→ **Exercise details**
Would you transcribe only the lines from the one holding "Manchester Pride Parade 2025" through the end of the material, exactly, without any pictures?

----------

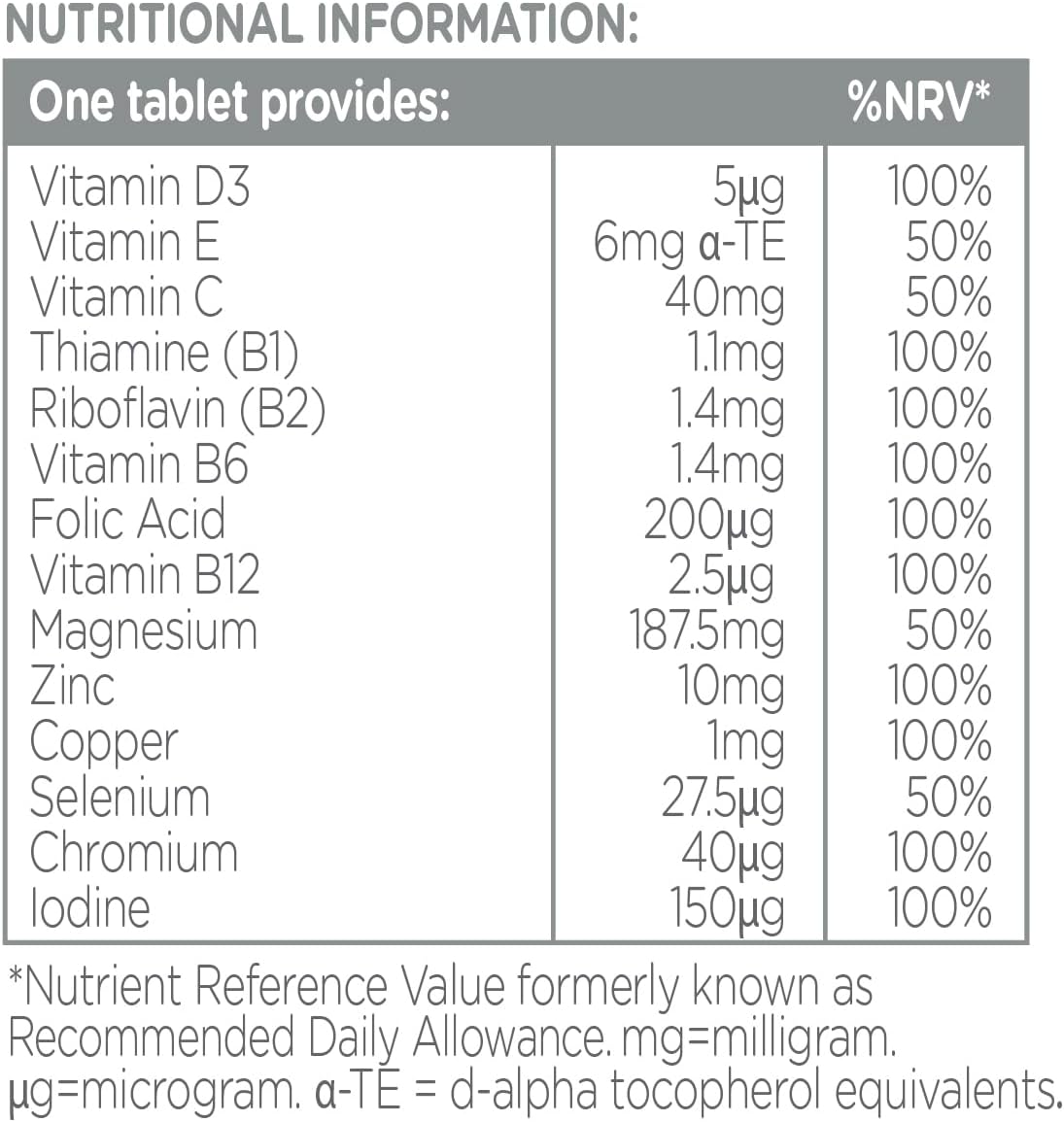 Women's Monthly Cycle Support: Wassen Magnesium OK Vitamins & Minerals - 90 Tablets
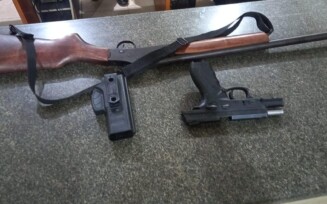 Arma apreendida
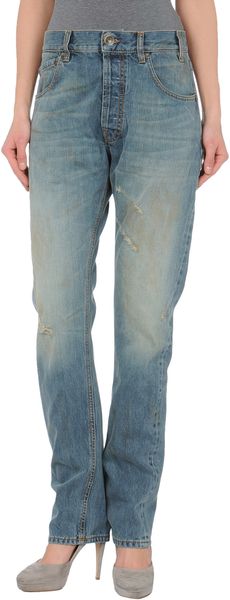 November Denim Trousers - Lyst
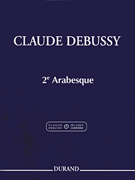 Claude Debussy – Second Arabesque Piano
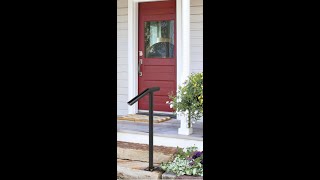 Single Post Handrail Installation [upl. by Jovi]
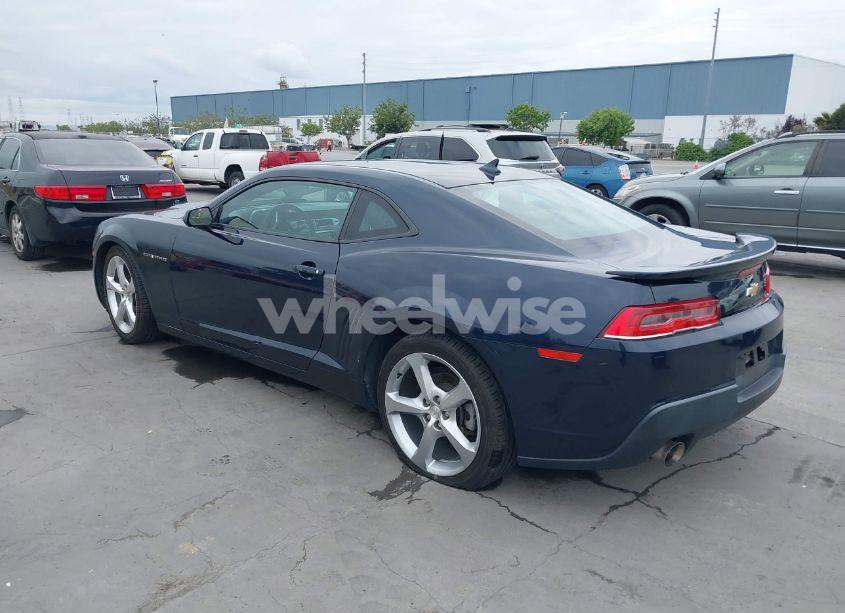 Photo 3 of 2015 Chevrolet Camaro 2LT (VIN 2G1FF1E35F9292592)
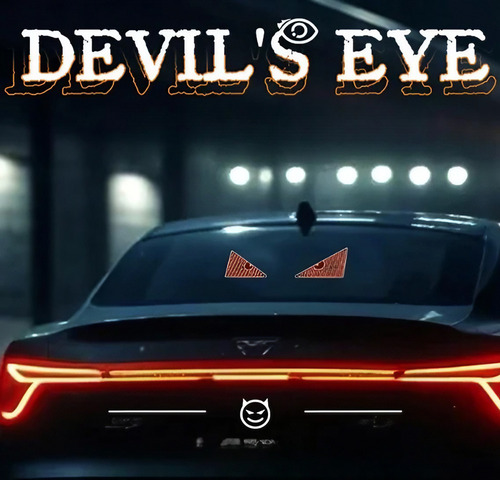Y Luces Led Ojos Devil Eyes For Coche Moto Usb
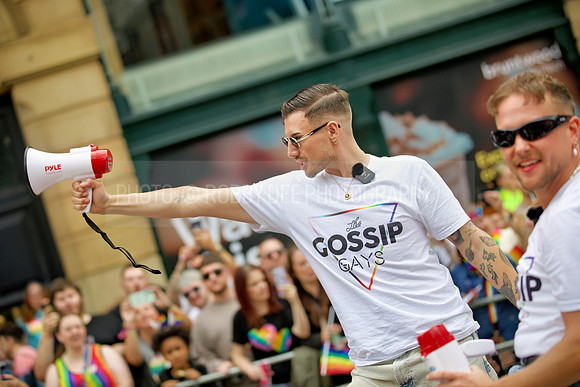 Manchester Pride Parade 2025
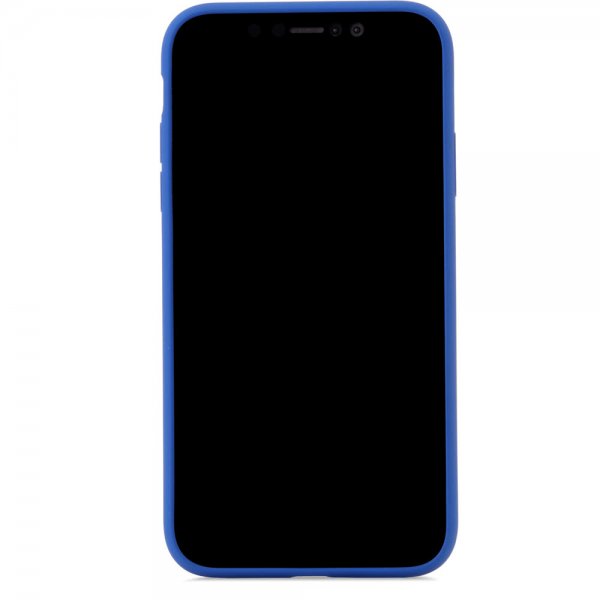 Holdit iPhone Xr -silikonisuojakuori, Royal Blue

----------

→ **Answer area**
 Manchester Pride Parade 2025
 Holdit iPhone Xr -silikonisuojakuori, Royal Blue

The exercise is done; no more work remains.